"Let It Go" may be Walt Disney's anthem these days, but "Everything's Coming Up Roses" might be the more accurate theme song for the Disney juggernaut.
Disney's recent streak continued over the weekend with the $70.1 million North American debut of its traditional, sumptuously costumed fairy tale adaptation "Cinderella," according to studio estimates Sunday. Interest in the film, which was directed by Kenneth Branagh and stars Lily James of "Downton Abbey," was boosted by a "Frozen" short, "Frozen Fever," that played before the feature.
Disney's box-office surge has been propelled partly by the so-called "halo effect" of "Frozen," a sequel to which Disney announced last week.
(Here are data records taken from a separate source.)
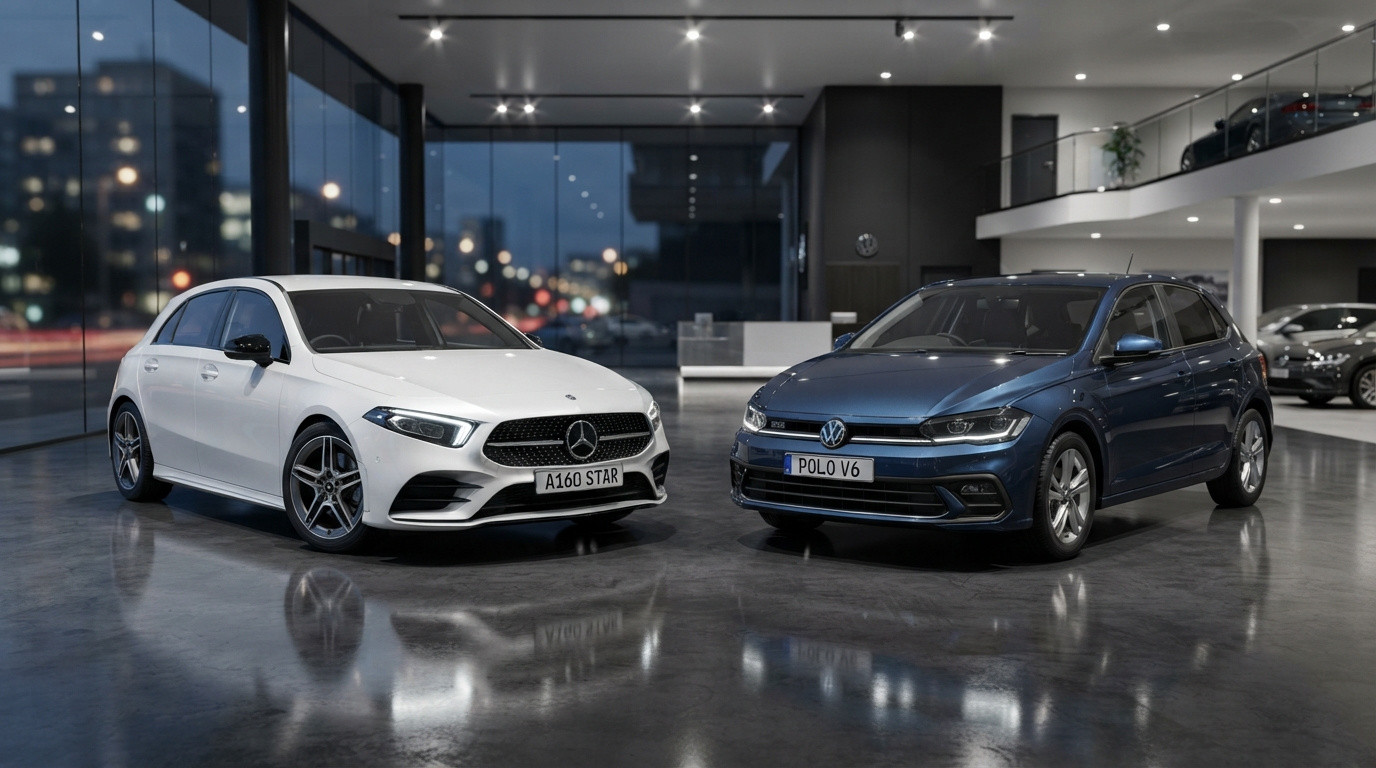 Concessionária com dois carros hatch, Mercedes branca e Volkswagen azul, em piso reflexivo interno à noite.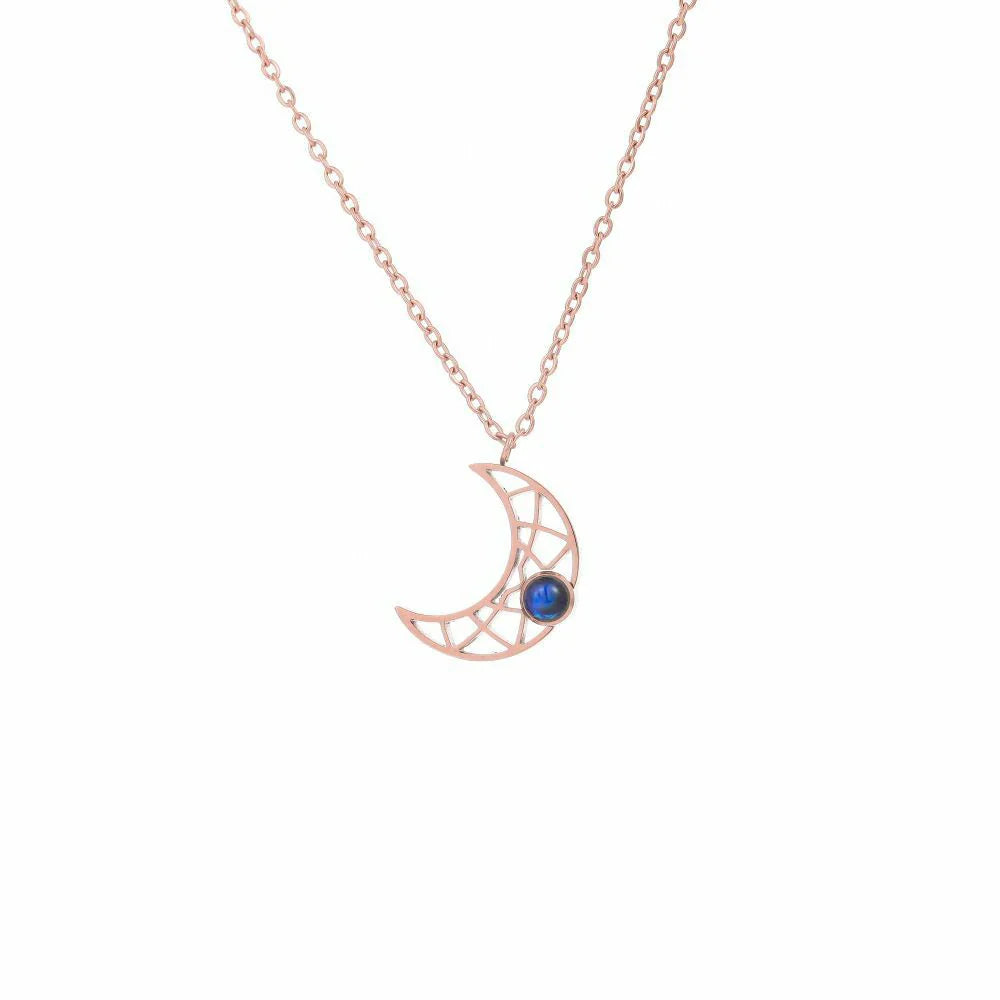 18K Gold-Plated Projection Moon Pendant Necklace with Personalized Hidden Photo/Text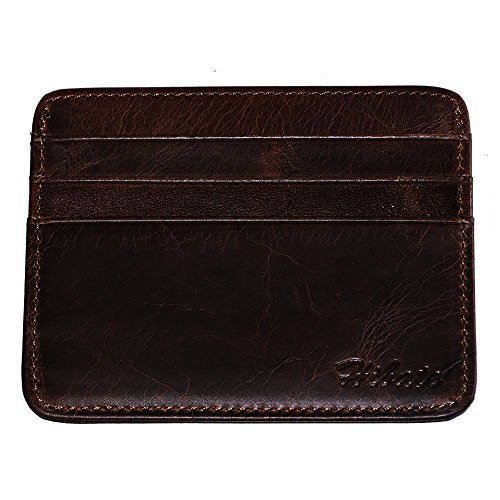 Preisvergleich Produktbild Hibate (Dunkelbraun) Leder Herren Kreditkartenhülle Männer Kreditkartenetui Abgeschirmt, RFID Schutzhülle Kreditkarten Kartenetui, Kartenhalter Halter Etui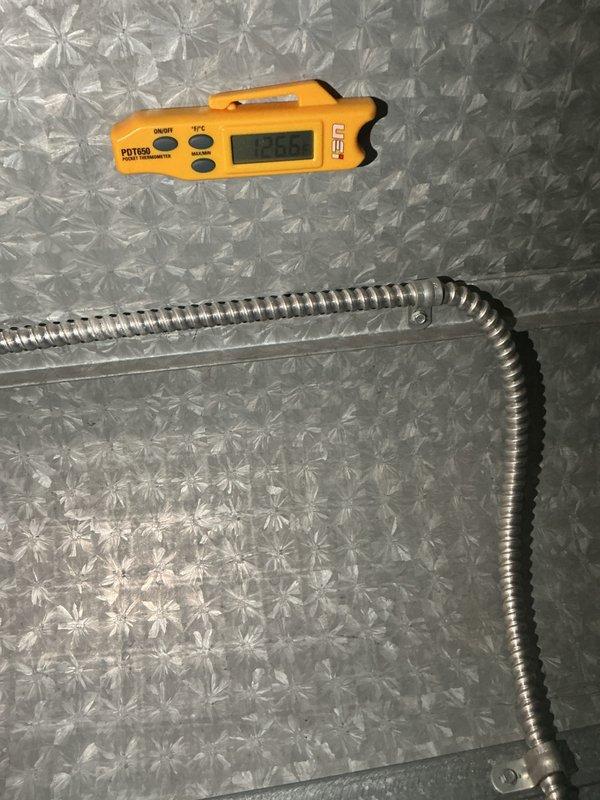 Completed heating maintenance on two HVAC systems, performing comprehensive inspections and testing of all components. Verified electrical connections, measured system voltages reading 12.50V on diagnostic equipment, inspected flexible metal conduit connections, and confirmed proper wire routing including power and control wiring throughout both units.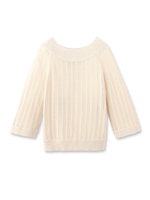 MARILYN MOON 模様編みコットンニット/ベージュ(052)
But it's also been driven by the appeal of seeing Disney cartoon classics turned into live-action fantasies. "Cinderella" follows previous live-action hits like "Maleficent" (whose May 2014 debut of $69.4 million "Cinderella" narrowly bested) and "Alice in Wonderland."
The holiday release "Into the Woods," from the Stephen Sondheim musical, added to the live-action trend, and many more are on the way. "The Jungle Book," ''Beauty and the Beast," and "Dumbo" are all coming in live action, as is a sequel to "Alice in Wonderland."
Disney has also found big profits in capitalizing on female moviegoers, who made up the largest chunk of "Frozen" and "Maleficent" fans. The audience for "Cinderella" was 66 percent female, Disney said.
"There is seemingly a lot of appetite for these stories to be told, I think, in part because many of them have a female protagonist and we've seen there's significant box-office success that can come by featuring female-driven stories," said Dave Hollis, head of distribution at Disney.
"'Frozen Fever" was certainly part of why we're seeing the kind of success that we did this weekend," Hollis said. "In and of itself, 'Cinderella' is absolutely a great, stand-alone experience. But it ends up being a one-plus-one-equals-three thing for the consumer."
The success of "Cinderella," which cost about $95 million to make, was international. It made $62.4 million overseas, including $25 million in China. Disney could also celebrate "Big Hero 6" becoming the top-grossing worldwide animated release of 2014; the Oscar-winner has made $633 million globally.
With Disney's high-priced but lucrative ownership of Marvel, Lucasfilm, and Pixar, the studio will be flexing its strength throughout 2015 with releases like "The Avengers: Age of Ultron," ''Inside Out," and "Star Wars: The Force Awakens."
"Disney is just a well-oiled machine that is firing on all cylinders right now," says Paul Dergarbedian, senior media analyst for box-office data firm Rentrak. "It's about this Disney umbrella which encompasses these incredible crown jewel brands they have. 'Cinderella' is just the latest example."
While Disney was flexing its might, the powers of another box-office force, Liam Neeson, were checked. Neeson's latest thriller, "Run All Night," a New York crime saga co-starring Ed Harris, opened with $11 million for Warner Bros.
The film's poor performance marks the weakest debut for the "Taken" star as an action film lead. Dergarbedian noted Neeson's appeal is strongest in PG-13 rated films (all three "Taken" films, "Non-Stop"), while weaker in R-rated releases like "Run All Night" and last year's "A Walk Among the Tombstones."
Last week's top film, the sci-fi thriller "Chappie," from "District 9" director Neill Blomkamp, slid to fifth with $5.8 million for Sony Pictures.
In limited release, the critically acclaimed independent horror film "It Follows" earned a robust $163,000 on just four screens.